Repeated optimization checklist:

Avoid branch divergence.
Maximize data locality in shared memory and registers.
Optimize memory access patterns (coalescing and alignment).
Structure work to match SM and warp granularities.
Keeping these characteristics in mind provides a consistent toolkit for improving GPU kernel performance.

Roofline model explains memory- vs compute-bound regimes

The roofline model partitions performance into memory-bound and compute-bound regimes using arithmetic intensity (FLOPS per byte).

Low arithmetic intensity or small problems → memory-bound: performance limited by global memory bandwidth (diagonal slope on the roofline).
High arithmetic intensity and large problems → compute-bound: kernel can saturate compute and operate at the flat peak of the roofline.

Practical implication: increase arithmetic intensity (for example, via tiling, fusion, or lower-precision storage) to move kernels from the memory-limited to the compute-limited regime and unlock higher throughput.

Warp divergence from conditionals degrades throughput

Warps execute the same instruction; divergent branches inside a warp serialize execution and reduce effective parallelism.

If threads in a warp take different control paths, the GPU runs each branch path in turn while masking inactive threads.
Divergence causes utilization and throughput to drop dramatically because only a subset of threads execute at a time.

Strategies to preserve SIMT efficiency:

Avoid intra-warp control-flow divergence where possible.
Structure workloads so divergent behavior is segregated across warps (e.g., group similar-control-flow threads together).

Lower-precision arithmetic increases effective memory bandwidth

Reducing numeric precision (FP32 → FP16/BF16 → INT8) provides substantial bandwidth and capacity benefits when done carefully.

Lower precision reduces per-value storage and transfer costs, effectively multiplying usable memory bandwidth and on-chip cache capacity.
Mixed-precision commonly stores matrix inputs in low precision while keeping accumulators in higher precision (FP32) to preserve numerical stability.
Special care is required for operations with high dynamic range or sensitivity to rounding.

When memory is the bottleneck, moving to lower-precision representations often yields large throughput gains with modest algorithmic changes and careful numerical engineering.

Operator fusion reduces global memory traffic by composing kernels

Operator fusion combines multiple sequential small operations into a single kernel so data stays in registers or shared memory.
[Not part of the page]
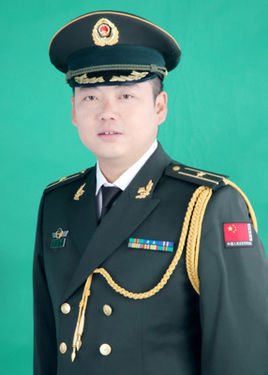 共产党员的感人事迹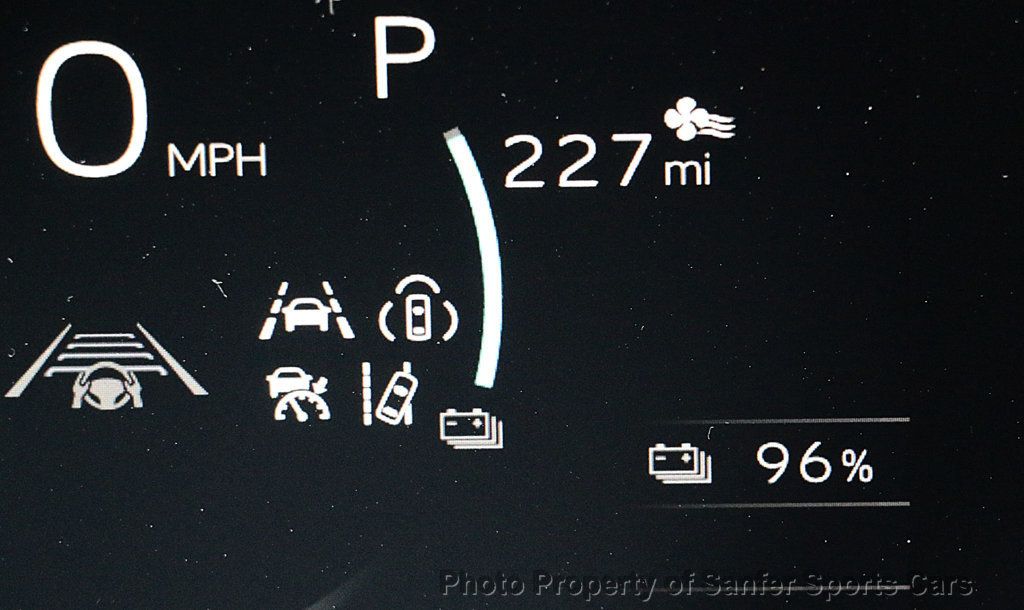 2025 Toyota bZ4X XLE AWD - 23002205 - 39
Fusion eliminates intermediate writes to and reads from global memory, drastically reducing memory traffic and launch overhead for small operators.
Compilers and frameworks (for example, torch.compile or fused CUDA kernels) can perform fusion automatically.
Result: increased arithmetic intensity and improved end-to-end throughput for fused operator sequences.

Recomputation trades compute for memory to reduce global accesses

Recomputation (checkpointing) trades extra FLOPS for reduced memory traffic by recomputing intermediates instead of storing them in global memory.

Useful when a workload is memory-bound and compute-rich: use idle compute cycles to regenerate data that would otherwise require expensive DRAM reads.
Trade-offs to consider:
- Wall-clock improvement depends on the relative cost of recompute FLOPS vs. DRAM access latency and bandwidth.
- Numerical determinism and reproducibility constraints.
- Memory footprint vs. recompute overhead balance.
  Implementations must carefully choose which activations to checkpoint and which to recompute during the backward pass.

DRAM burst transfers and memory coalescing shape effective bandwidth

DRAM returns contiguous bursts of data per access; GPUs exploit this via coalesced memory accesses.

A single DRAM access typically fetches a contiguous burst section, bringing neighboring addresses into an on-chip buffer.
GPUs coalesce memory requests from threads in a warp so that nearby accesses combine into a single transfer, greatly amplifying throughput.

Kernel design implications:

Layout arrays and choose memory strides so warp threads request nearby addresses (match row-major vs column-major to access pattern).
Proper alignment and stride choices maximize coalescing and eliminate superfluous DRAM transactions.

Tiling reuses on-chip memory to amortize global memory cost

Tiling partitions large matrix or tensor computations into small sub-blocks that fit into shared memory to maximize reuse.

Load a tile from global memory into shared memory once.
Reuse that tile for many FLOPS inside the SM.
Write results back to DRAM once when finished.

Benefits and considerations:

Tiling reduces global reads by a factor proportional to the tile dimension T, increasing arithmetic intensity.
Effective tiling requires tuning tile sizes to shared memory capacity, ensuring coalesced loads, and matching tile shapes to the hardware’s preferred micro-tiles.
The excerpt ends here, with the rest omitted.